Depois do Decreto-lei nº 200/67, houve um plano de privatização no sentido de adotar o modelo gerencial – ficou conhecido como a Lei de Desburocratização (anos 90). Os planos básicos dentro dessa lei: a promoção do ajuste fiscal (equilíbrio das contas públicas), a liberalização do comércio, privatizações, quebra de monopólios e desregulamentação.Posteriormente, no início de 1980, no governo militar do Presidente João Batista Figueiredo, é criado o Ministério da Desburocratização que objetivou revitalizar e dar celeridade aos trâmites processuais.
Com o governo do Presidente Fernando Henrique Cardoso a reforma administrativa torna-se tema central de debates. Inicialmente há a criação do Ministério da Administração e Reforma do Estado (MARE), posteriormente, criam-se várias agências, ocorrem privatizações e por derradeiro publica-se a Emenda Constitucional nº19/98.
As principais características da administração pública gerencial são que as medidas administrativas são orientadas para obtenção de resultados, incentiva-se a criatividade e a inovação. Ademais, como descreve Moreira Neto (1998, p.37-38) “passa a considerar o usuário do serviço prestado pelo Estado como o “dono” do serviço, e não apenas o seu destinatário”. Logo, este modelo é orientado para o cidadão.
O modelo gerencial surgiu com o objetivo de preencher as lacunas e suprir as necessidades da sociedade, entre as quais o controle dos gastos públicos e melhoria na qualidade dos serviços públicos. O Estado se mostrou incapaz de atuar na sua plenitude com todas as atividades a ele impostas, portanto, suas atividades foram reduzidas ao mínimo essencial: exercício do poder de polícia, atividade jurisdicional e legislativa, manutenção da previdência e outras de caráter social. Logo, tentou-se adotar a teoria do Estado subsidiário, ou seja, o Estado só iria desempenhar as tarefas que os particulares não conseguissem ou não quisessem realizar.

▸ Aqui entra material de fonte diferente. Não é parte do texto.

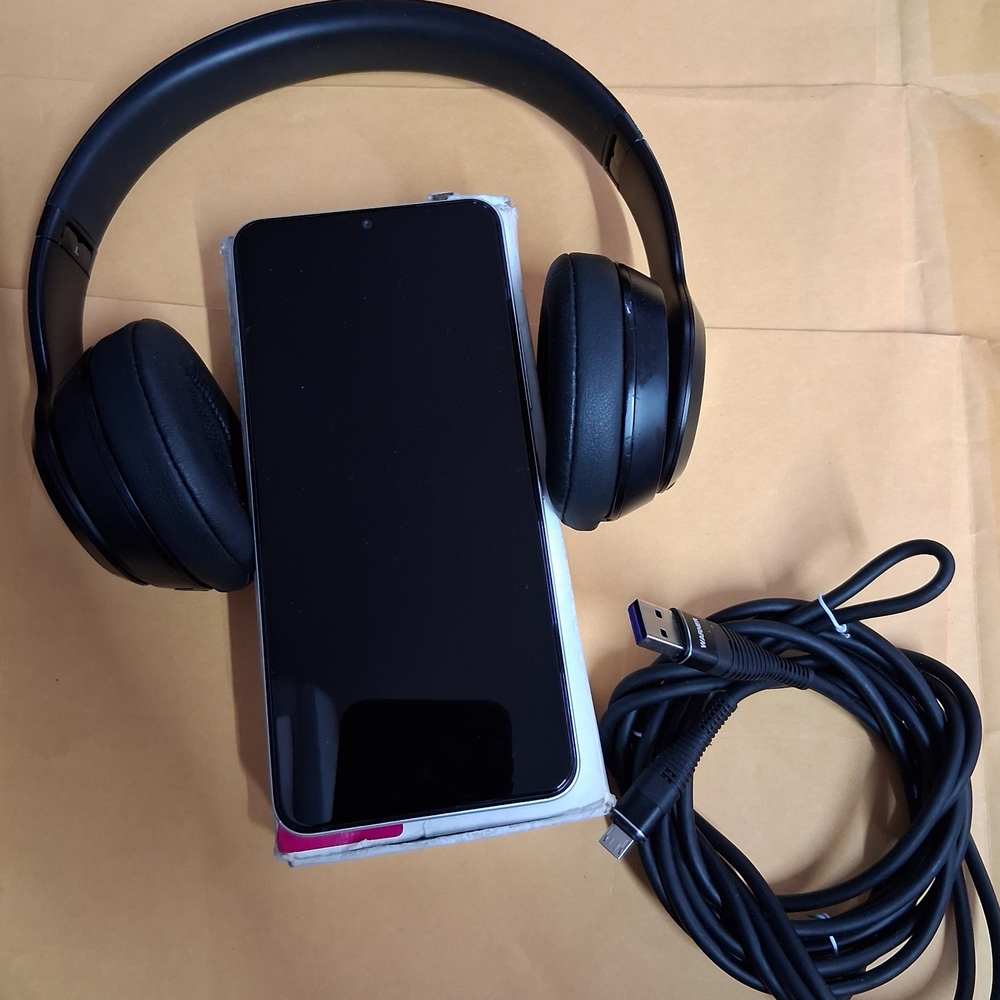 Tmobile REVVL7 Smartphone with Beats Wireless Headphones and Long USB Cable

A EC19/98 adotou a reforma administrativa e incluiu o princípio da eficiência no texto da CF/88. Aduz daí que, este princípio é grandemente valorizado por este modelo. Incluiu a ideia do contrato de gestão.

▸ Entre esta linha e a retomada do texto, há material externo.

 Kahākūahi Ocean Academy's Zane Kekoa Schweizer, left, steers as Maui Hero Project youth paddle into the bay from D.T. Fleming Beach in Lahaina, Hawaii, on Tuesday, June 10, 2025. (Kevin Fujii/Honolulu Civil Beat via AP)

Em termos gerais, enquanto a administração pública burocrática valorizava a supervisão, a utilização de regras rígidas e a auditoria de procedimentos, a Reforma Gerencial enfatizou o controle dos resultados, a competição administrada e a participação da sociedade no controle das organizações e políticas do Estado. Enquanto a Administração Burocrática tem características de centralização e autoritarismo, a Administração Gerencial está alicerçada na ideia de uma sociedade democrática. Está evolução de modelos administrativos delineia a concepção de Estado, conforme descreve Bresser Pereira (1997, p. 12):
"Aos poucos foram-se delineando os contornos da nova administração pública: (1) descentralização, do ponto de vista político, transferindo recursos e atribuições para os níveis políticos regionais e locais; (2) descentralização administrativa, através da delegação de autoridade para os administradores públicos transformados em gerentes crescentemente autônomos; (3) organizações com poucos níveis hierárquicos ao invés de estruturas piramidais; (4) organizações flexíveis ao invés de unitárias e monolíticas, nas quais as idéias de multiplicidade, de competição administrada e de conflito tenham lugar; (5) pressuposto da confiança limitada e não da desconfiança total; (6) controle por resultados, a posteriori, ao invés do controle rígido, passo a passo, dos processos administrativos e (7) administração voltada para o atendimento do cidadão, ao invés de auto-referida."
Nesta seara, a Reforma Gerencial baseou-se em um modelo que implicava mudanças estruturais e de gestão.